И все это ради того, чтобы заручиться голосами нескольких миллионов дураков!
У вас, в вашей великой стране, дело поставлено правильно: зачем голосовать всем? Голосует только тот, кто записался заранее.
Именем читателей, которых я представляю, людей, в политике не разбирающихся, я прошу этот разговор прекратить и цитирую мнение одного знаменитого директора газеты, согласно которому великий журналист — тот, который стоит на уровне самого отсталого, а не передового своего читателя.
— Правильно. Значит, революция — это не только глубинный толчок к обновлению, не только test, которому нас подвергает история, но и задача управленческая: банковские счета, векселя... да, да, и векселя! В истории революций эти вещи не фигурируют, можно подумать, что революционеры питаются воздухом и песнями. В действительности каждый участник нам обходится свыше десяти тысяч лир в день: его надо прокормить, выдать ему жалованье, пособие, отдать ему его долю. Хорошо еще, что нам ничего не стоят солдаты. Наконец, планирование расходов дает нам то преимущество, что революция не продлится больше, чем это необходимо.
На площади Навона — она теперь уже не пешеходный островок, как раньше, — духовой оркестр из воспитанников военного училища исполняет допотопные (не иначе как времен Траяна) военные марши. Люди с улицы, безбородые, коротко остриженные, лакомятся мороженым и слушают музыку, контрапунктом которой служит привычная перекличка автомобильных гудков.

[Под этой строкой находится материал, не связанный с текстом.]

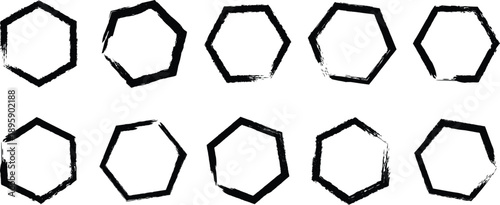 Abstract Irregular Heptagon Geometry Art Series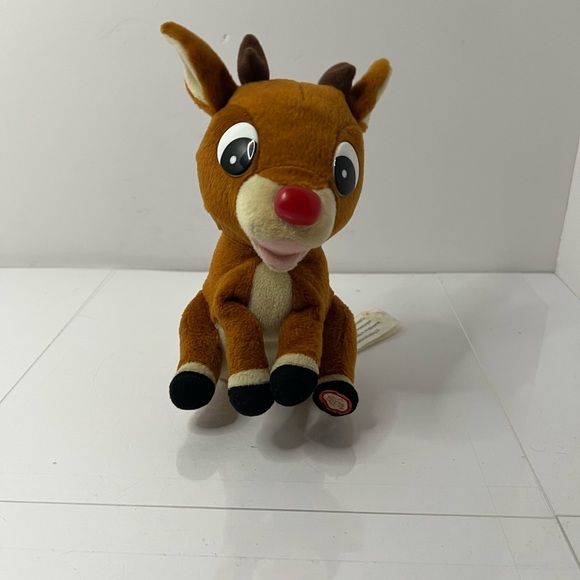 Vintage '90s Gemmy Singing Rudolph The Red Nosed Reindeer Light Up Nose 8" Plush - Picture 14 of 14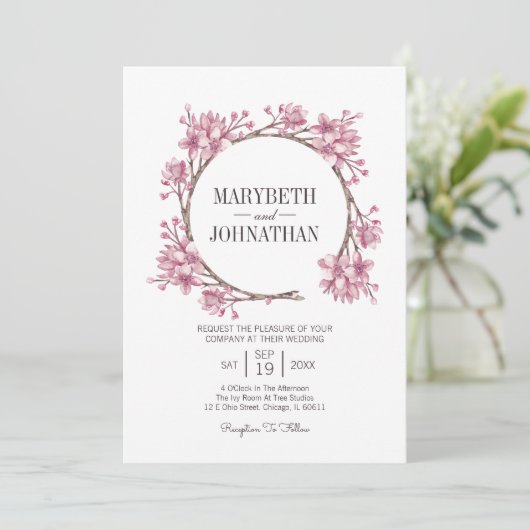 Roze Cherry Blossom Floral Wreath Wedding Kaart (Staand voorkant)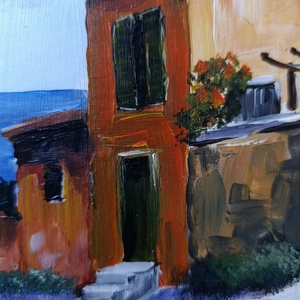 Mediterrán menedék című festmény - művészet - festmény - akril - Meska.hu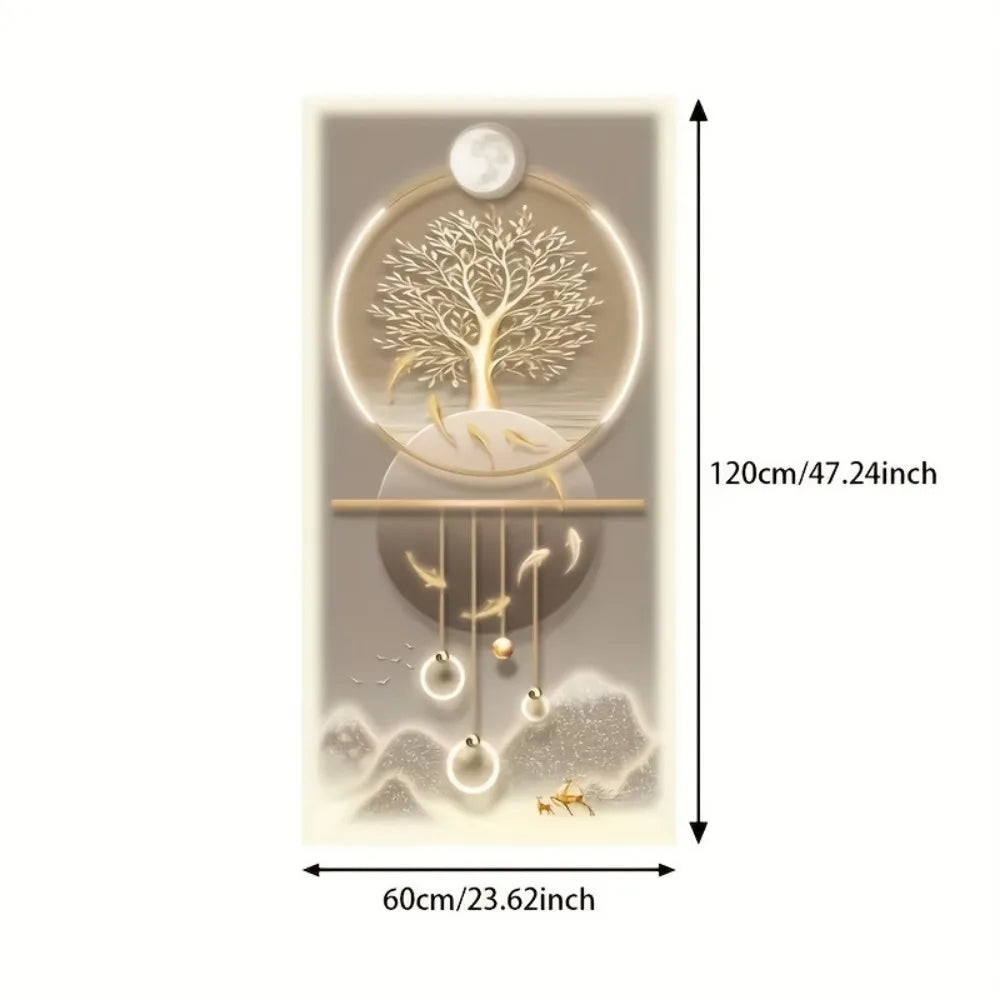 1.5 inch solid wood frame large canvas painting, home decor, Moon Fortune Deer tree canvas poster, interior decor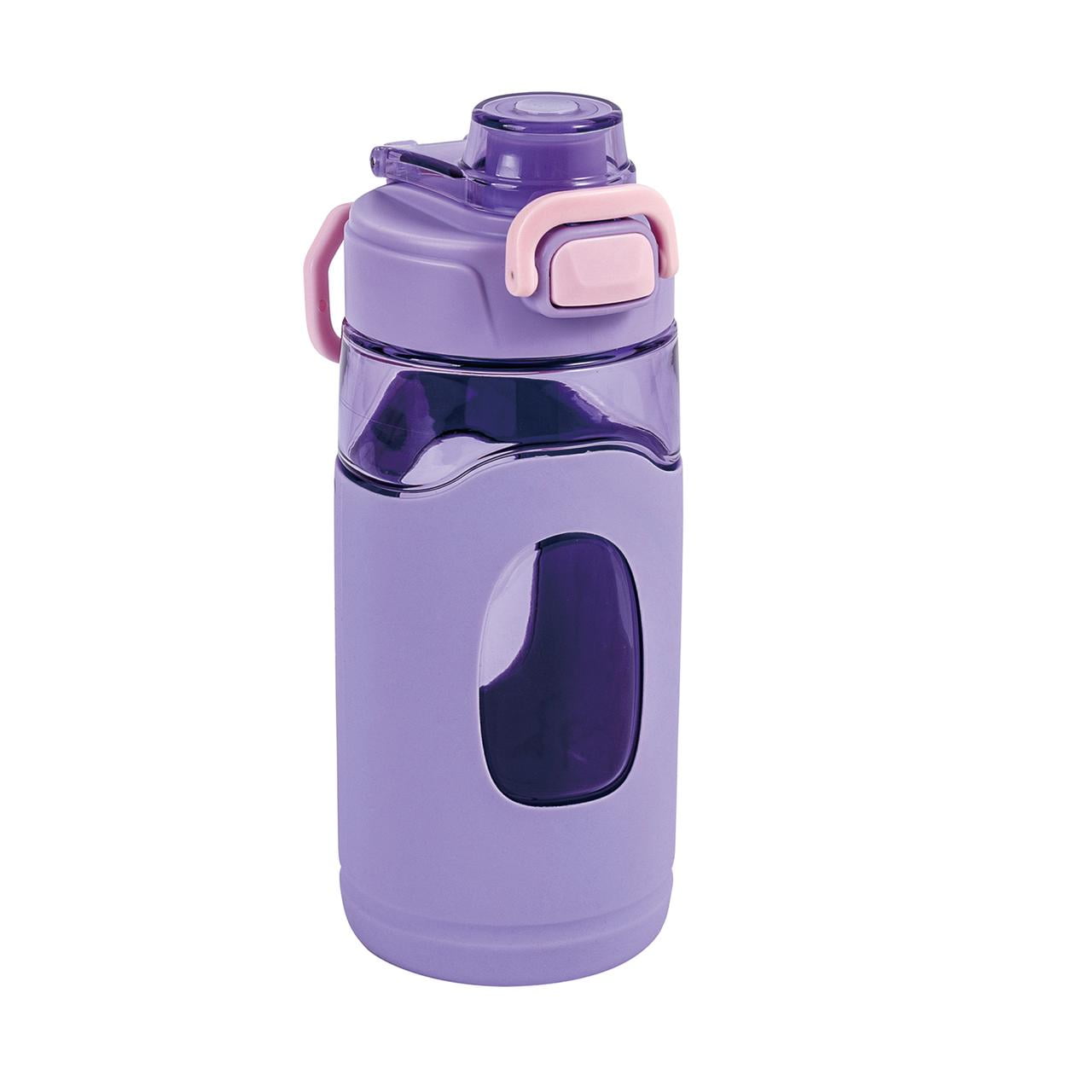 Purple water bottle with a pink handle on a white background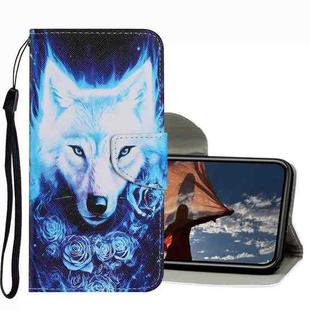 For iPhone 13 Pro Coloured Drawing Pattern Leather Phone Case (Rose Wolf)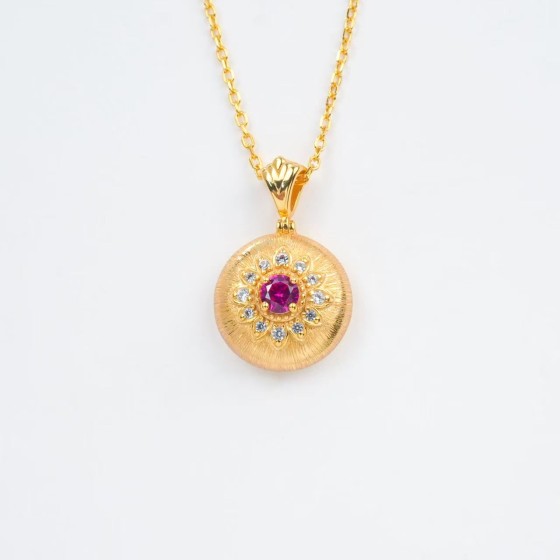 925 Silver Lab-Grown Ruby Pendant（P101R)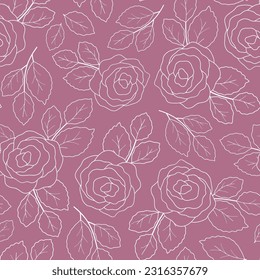 Patrón sin soldadura con rosas, contorno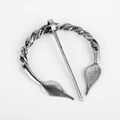 Vintage viking penannular brooch with twisted metal texture in antique silver finish - D-340 Antique Silver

Ага, четверо повешенных, которых я мельком видел вчера вечером по дороге из Фьюмичино, все еще висят на пьяцца дель Пополо. Может быть, это просто куклы, пластмассовая реклама?.. И все-таки это не имитация, а настоящие рабочие.
Сейчас я вам объясню, как было дело, — чтобы лучше понять сущность и внешние проявления этой революции, стоит послушать. Представьте себе завод с четырьмя сотнями рабочих; предприниматель захотел свое предприятие перестроить и довести число рабочих до ста; тогда рабочие решают завод занять (?), как будто он их собственность. Что оставалось делать бедняге предпринимателю? Он связался по телефону с революционной милицией, та вмешалась; но вместо того, чтобы прибегнуть к грубому насилию надо всеми без разбора, ограничилась тем, что путем жеребьевки из четырехсот имен отобрала четыре. (Понятно? Всего по одному из ста.) Эти четверо были арестованы и повешены — но не на месте преступления, а здесь, на пьяцца дель Пополо, дабы казнь послужила одновременно рекламным целям: действительно, на комбинезонах, в которые одеты четверо повешенных, крупными буквами значится название предприятия.
Таким образом, напряжение, создавшееся на одном из заводов, удалось снять, и притом не прибегая к крайностям; можно поручиться, что революционное движение экстремистского толка не колеблясь прикончило бы поголовно всех взбунтовавшихся рабочих, так беспардонно противопоставивших себя закону.
О революциях следует судить по их стилю — так считает ваш Джо.